Un po’ di tutto tranne l’opera. Quello del teatro lirico è un genere decisamente difficile da proporre oggi, benché in tanti luoghi e contesti riesca a dimostrare ancora una certa vivacità con alcuni teatri che commissionano nuove opere a grandi compositori: in fondo, però, il pubblico dei melomani è abbastanza tradizionalista e non ama tanto le sperimentazioni del teatro contemporaneo, ma il repertorio che ha reso grande il melodramma italiano.
A quale sua opera è più legato e la descrive?
Altra domanda difficile! Anche in questo caso si va un po’ a periodi, ma almeno in questa circostanza qualche titolo è giusto farlo. Un pezzo a cui sono molto legato è lo “Stabat Mater” per coro che ho composto per la Cappella “Iconavetere” del Duomo di Foggia. Un brano abbastanza intenso che è stato scelto come brano d’obbligo al LXIV Concorso Polifonico Internazionale “Guido d’Arezzo” (2016), è stato eseguito numerose volte in Italia e all’estero ed inciso due volte: una grande soddisfazione! Ci sono, poi, dei brani per voci bianche e pianoforte, pubblicati ed incisi anch’essi che, oltre a vantare esecuzioni in concerto, sono stati studiati ed eseguiti in molte scuole italiane.
Quale genere di musica predilige maggiormente?
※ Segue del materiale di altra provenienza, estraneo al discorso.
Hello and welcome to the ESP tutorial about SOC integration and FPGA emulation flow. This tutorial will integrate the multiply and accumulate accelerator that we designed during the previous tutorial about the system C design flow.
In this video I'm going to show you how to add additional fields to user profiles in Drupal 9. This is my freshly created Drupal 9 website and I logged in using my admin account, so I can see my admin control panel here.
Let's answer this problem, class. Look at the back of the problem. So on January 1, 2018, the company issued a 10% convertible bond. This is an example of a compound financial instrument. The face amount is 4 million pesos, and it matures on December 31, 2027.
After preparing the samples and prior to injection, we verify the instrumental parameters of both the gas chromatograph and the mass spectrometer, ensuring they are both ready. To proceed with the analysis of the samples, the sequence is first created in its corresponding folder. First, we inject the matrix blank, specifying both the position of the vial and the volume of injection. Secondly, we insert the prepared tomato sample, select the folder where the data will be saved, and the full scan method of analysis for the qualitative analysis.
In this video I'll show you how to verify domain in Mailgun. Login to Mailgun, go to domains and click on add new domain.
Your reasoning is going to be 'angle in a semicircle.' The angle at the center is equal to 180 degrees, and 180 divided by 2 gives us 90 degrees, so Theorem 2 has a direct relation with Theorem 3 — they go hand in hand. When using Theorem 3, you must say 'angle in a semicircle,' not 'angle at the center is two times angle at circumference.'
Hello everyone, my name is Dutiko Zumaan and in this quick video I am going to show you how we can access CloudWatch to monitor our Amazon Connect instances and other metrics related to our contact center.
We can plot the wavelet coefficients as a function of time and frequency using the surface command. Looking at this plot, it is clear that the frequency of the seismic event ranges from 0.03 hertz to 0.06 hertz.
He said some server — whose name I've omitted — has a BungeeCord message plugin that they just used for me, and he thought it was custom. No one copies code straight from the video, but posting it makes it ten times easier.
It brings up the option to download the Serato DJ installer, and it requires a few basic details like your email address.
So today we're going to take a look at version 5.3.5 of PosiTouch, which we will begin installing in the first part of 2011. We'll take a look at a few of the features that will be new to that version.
Se proprio devo parlare di generi di musica prediletti ne segnalo tre che ritengo importanti per la loro funzionalità e li sto coltivando molto in questo periodo. La musica da camera per più strumenti, perché a mio giudizio è un genere di condivisione e crescita artistica e umana che giustifica l’esistenza di una scuola di musica. Condividere e studiare insieme allontana dall’idea (purtroppo tante volte instillata proprio in conservatorio) che la carriera musicale sia solamente quella del solista e, allo stesso tempo, conduce gli artisti verso una musicalità molto matura. Viene poi la composizione per voci bianche, che ritengo importante per avvicinare i ragazzi alla musica sin da piccoli, per abituare i bambini almeno al canto e all’ascolto e per creare almeno in parte il pubblico del domani. Infine, mi piace comporre per coro, fare incontrare la musica con la poesia, realizzare lavori che tengono vivo il rapporto strettissimo che ci può essere tra testo e musica.
Cosa direbbe alle nuove generazioni che intraprendono un percorso musicale?
Alle nuove generazioni suggerirei di non farsi affascinare troppo dall’aspetto massmediatico né dalle potenzialità tecnologiche di oggi. È necessario fare esperienze positive ed istruttive e queste non scaturiscono da un video postato in rete ma da un rapporto serio, a volte anche severo, con i propri maestri e con i propri colleghi perché risulterà sempre al netto dei trucchi disponibili in tanti software. Essere frettolosi o, peggio, spregiudicati, ha spesso impedito che decollasse la carriera di tanti ragazzi dotati di talento cristallino, ma anche di fretta. Un direttore dirige bene un coro se prima ha cantato qualche anno in un coro: un apprendistato forse oggi giudicato troppo lungo, ma che garantisce uno spessore tecnico e artistico e che ci fa capire che non bisogna eccedere nella frettolosità, ma bisogna avere il desiderio di far bene. Attraverso una sola maniera: lo studio serio.